Sure Starter isn't just developing nations, but it will be in most cases. For the few it's not I think it's totally fair of MS to limit the specs for it's most basic stripped down version of the OS for people who're going the Argos/cheap route. As I said already if you are going that route then the machine'll be basic anyway so it's a mute point. This is still all a storm in an Indian tea cup.


May 26, 2009, 7:16 pm

@Gordon asus have already said they will probably ship all but the absolute low end netbooks with starter as the price hike is not as big as the one with xp is. For starters every touchscreen netbook (this will probably become a mainstream trend) worth a look will have home premium (for windows media centre touch interface) and I'm not sure starter even has the touch mode. Additionally any netbook at the moment that is over £230 will most likely not have starter. All starter is for is viable alternative to the light linux distro's, that appear on machines incapable of running xp. Therefore this is a completely pointless problem unless anyone is in a developing nation or are considering a (lost for words thats how bad it would be) kind of netbook, in which case I'd be surprised if any people in said situations are reading this site. (sorry for the generalisation, but it is an educated assumption that is most likely to be true)


May 26, 2009, 8:05 pm

I think the netbook market is rather obscured at the moment.

There are lots of people clamouring for machines like the Eee 1004DN, the Samsung NC10 and Ion-based systems.
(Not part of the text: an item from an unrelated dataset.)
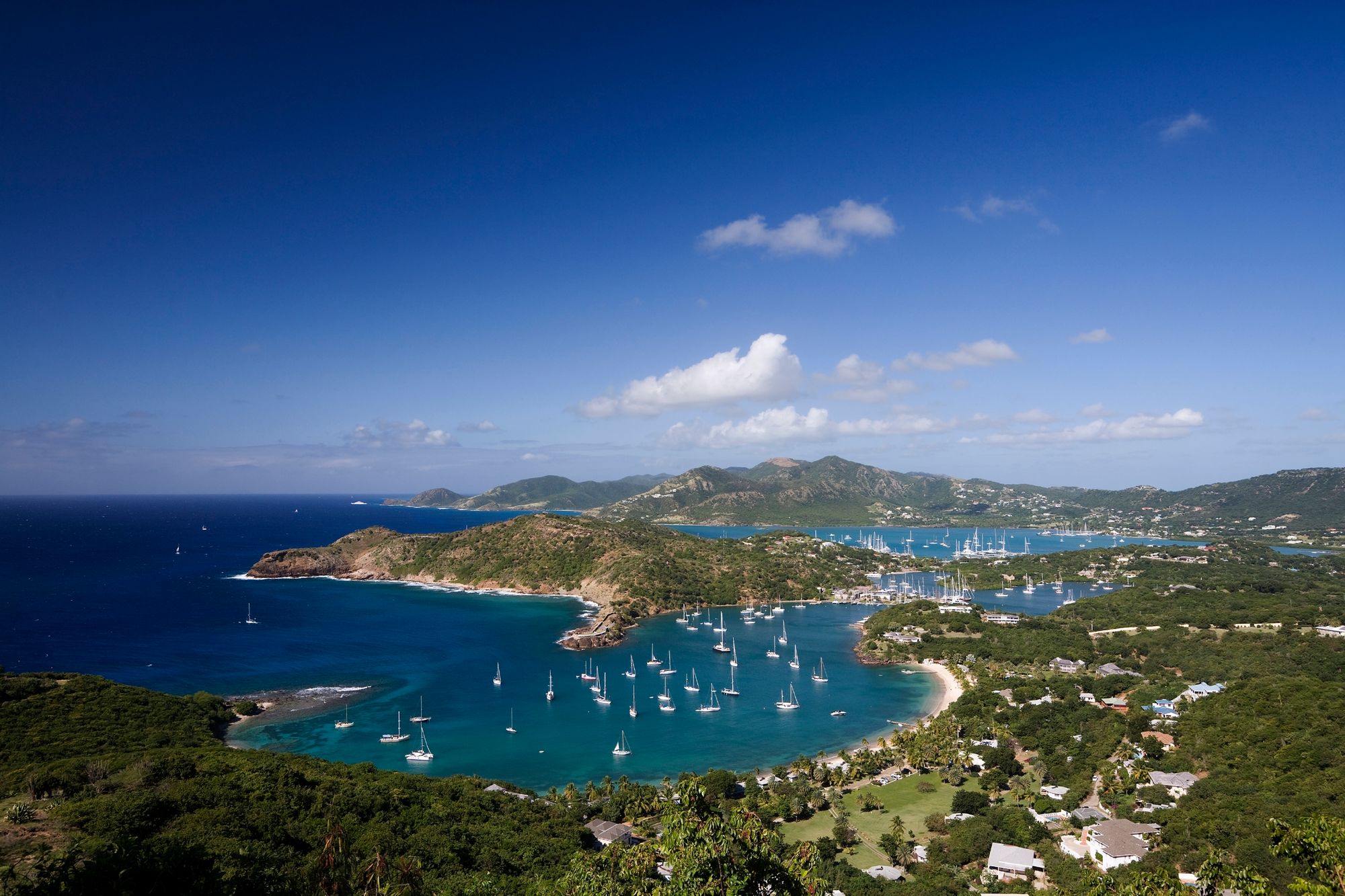 Scoprite Antigua dal resort sul mare più romantico del mondo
But these aren't netbooks, they're ultraportables. They share all the characteristics of something like the Sony TT - long battery life and very light weight while still being broadly capable - except that they're a cheaper version of it.

That's fine, and I can understand why these ultraportables are so popular, but because they grew out of netbooks I think they've rather obscured the genuine netbook market - machines with a basic processor and a few gigs of storage that are perfectly good for browsing the web, programming, writing, listening to radio and other undemanding tasks.
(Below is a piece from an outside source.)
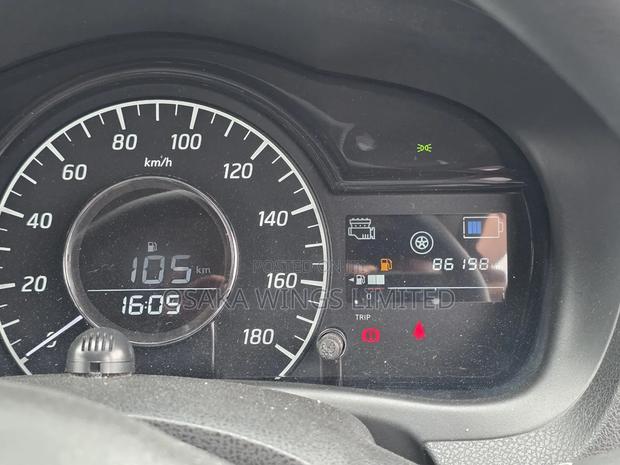 Nissan Note 1.2 Hybrid 2019 Silver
The windows 7 starter edition specs are odd ones and seem to be neither here nor there, I guess microsoft are as confused about the market as most of the media.


May 26, 2009, 8:25 pm

If a "netbook" cannot run xp it should be binned, install Linux/Ubuntu/whatever distro erm... no thanks.

The NC20 runs windows 7 perfectly fine for me.


May 26, 2009, 9:31 pm

The whole netbook segment of the market is turning into a farce. What with MSI's latest effort trying to extract £450 for the same old under-powered rubbish and now our favorite monopolist dictating specs of netbook to carve up the market its hard to see where it will all end.